Mormons learn to live below their means. They put money into savings and they avoid debt. Debt increases the cost of each item you buy and it also makes it harder to survive unemployment. This might mean they lack a few luxuries, since they wait until they can afford an item before buying it.
They also put away some things for hard times. They stock up on a few months of the absolute essentials that would sustain life if there was nothing else. Then they gradually stock up on other things they’d need if they couldn’t afford to shop. They use those items in their regular, everyday life. New purchases are added to the food storage while the oldest items are brought into the kitchen. This not only prepares them for a time when they can’t shop, it also cuts their grocery bill. When they don’t need any specific item, they can shop less often, buy on sale, and buy in bulk.
If unemployment does occur, each congregation has an employment specialist who can help. The specialist doesn’t find the person a job; he or she helps that person learn the skills needed to find a job or to get a better one. The specialist can teach the person how to write a good resume and cover letter, conduct a search, and ace the interview. By teaching instead of doing, the person improves his skills and is prepared for the next search—and to teach someone else.
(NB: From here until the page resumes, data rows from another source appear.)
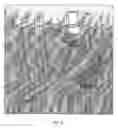 Fig. 02 - Prosthetic foot devices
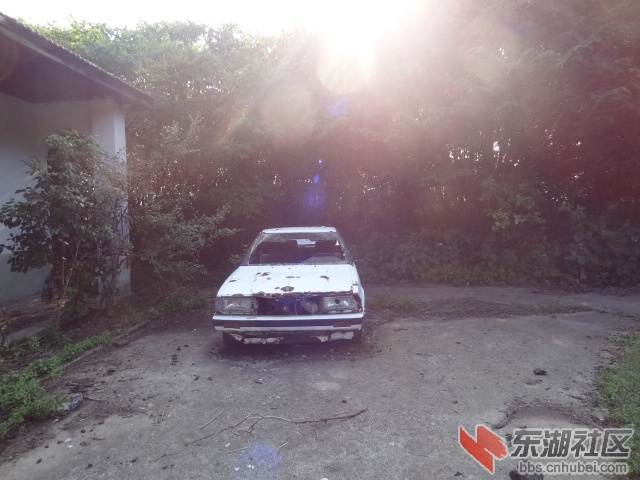 DSC03679.JPG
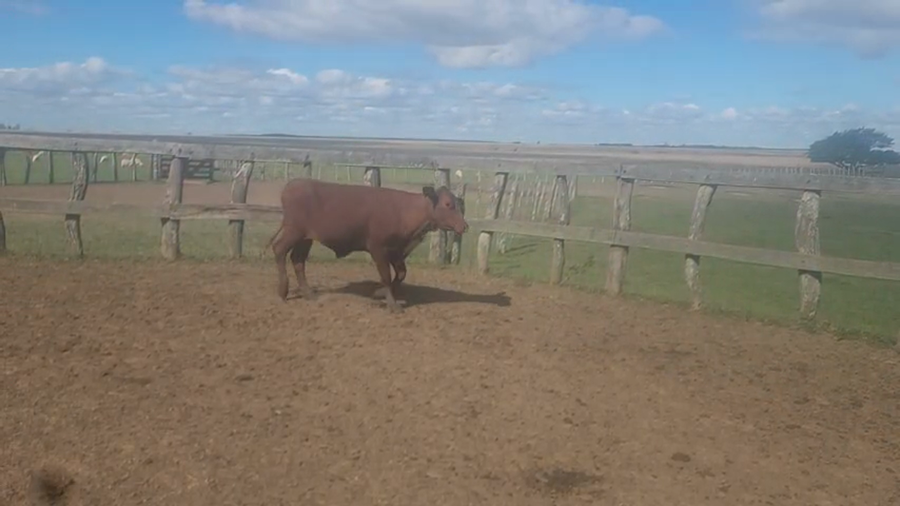 Lote 82 Vaquillonas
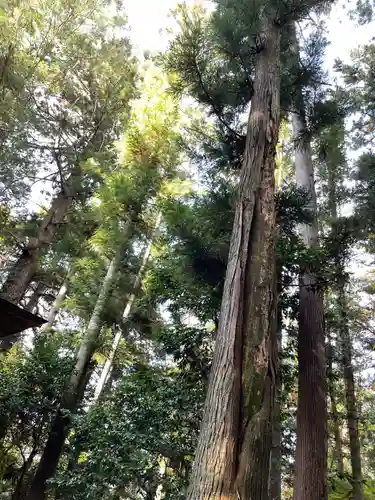 北野神社(福島県)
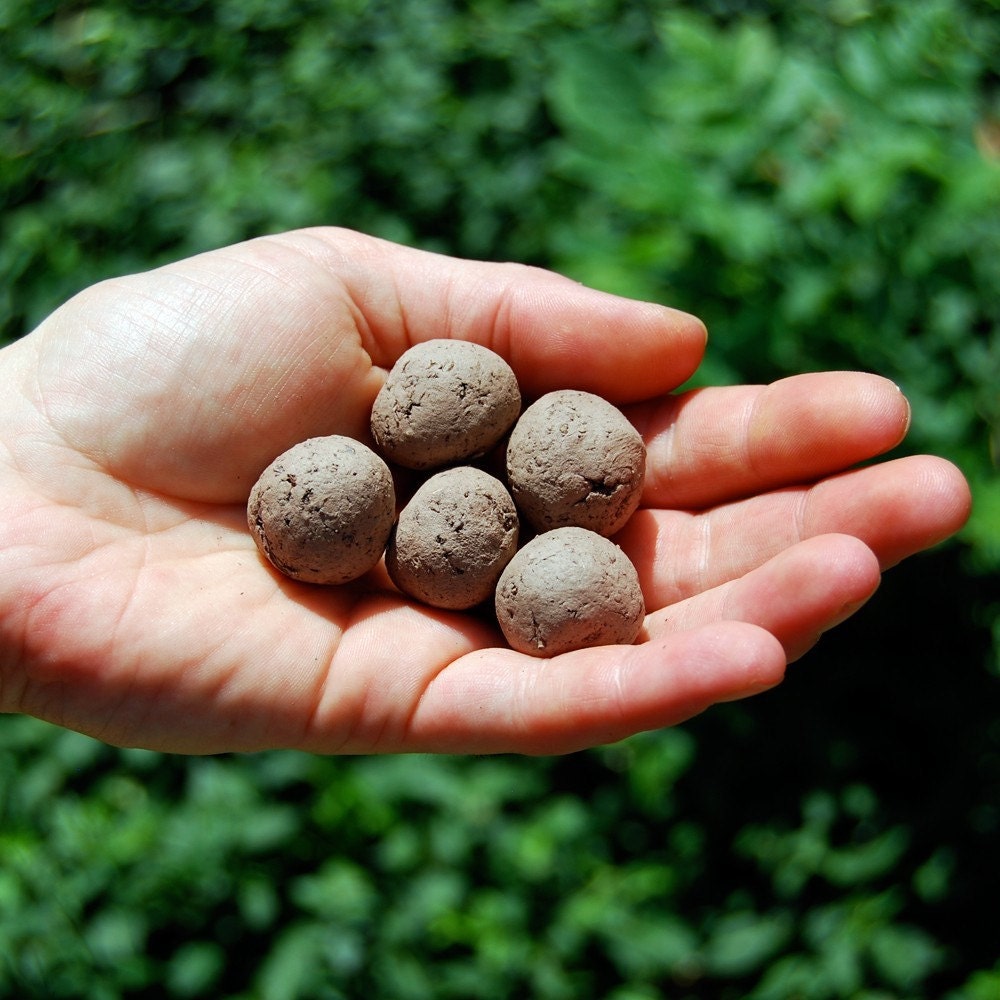 Any 3 Seed Bombs for Guerilla Gardening with Combined S/H Choose from Herb, Dog & Cat Friendly and Regional Varieties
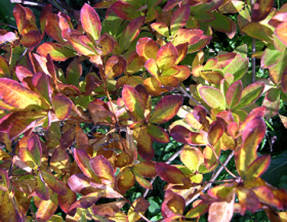 Rhododendron arborescens (Rhododendron arborescens) en otoño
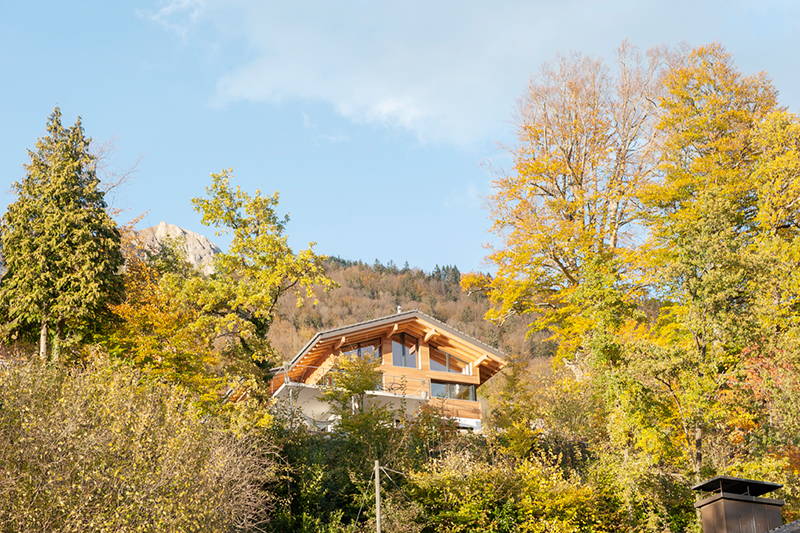 Einfamilienhaus Siegrist, Brienz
Self-sufficiency means that we try to do for ourselves what we can, instead of allowing others to do it for us. When we’re self-sufficient, we feel safer and have better self-esteem. We know we can handle most of the challenges we face.
It is for this reason the church’s welfare program focuses on self-sufficiency. If, for any reason we find ourselves unable to manage, the Mormons have programs designed to help their members. (Other Mormon-run programs help those who are not Mormon.) The programs provide the essentials of life once the member has done all he can himself. (For instance, it’s not acceptable to maintain a gym membership but ask for food.) While those are being provided, the member takes on additional volunteer activities to help “pay” for what he receives. The work never equals the help, but it allows the member to feel he is contributing, and that makes charity easier to accept. He also works to develop whatever skills he needs to get back on his feet—literacy, language skills, job search skills, computer skills—and the church often has people who can help with that.
The help they receive is paid for through a unique fund called a fast offering. Mormons conduct a complete fast for twenty-four hours—no food or liquid of any kind. They donate the money saved to the fast offering fund, which is used to care for the poor in their own congregation. If a congregation has more donations than it needs, the excess is given to congregations with greater needs. A Mormon who receives fast offerings has been contributing to the fund for years. By going hungry for a day, they have the satisfaction of knowing they are helping someone else have enough to eat every day.
The Mormon welfare program is based on the Biblical teaching of serving others. The concept of self-sufficiency comes from many Biblical sources, such as Joseph’s interpretation of the Pharaoh’s vision that they must spend the good years preparing for the bad ones.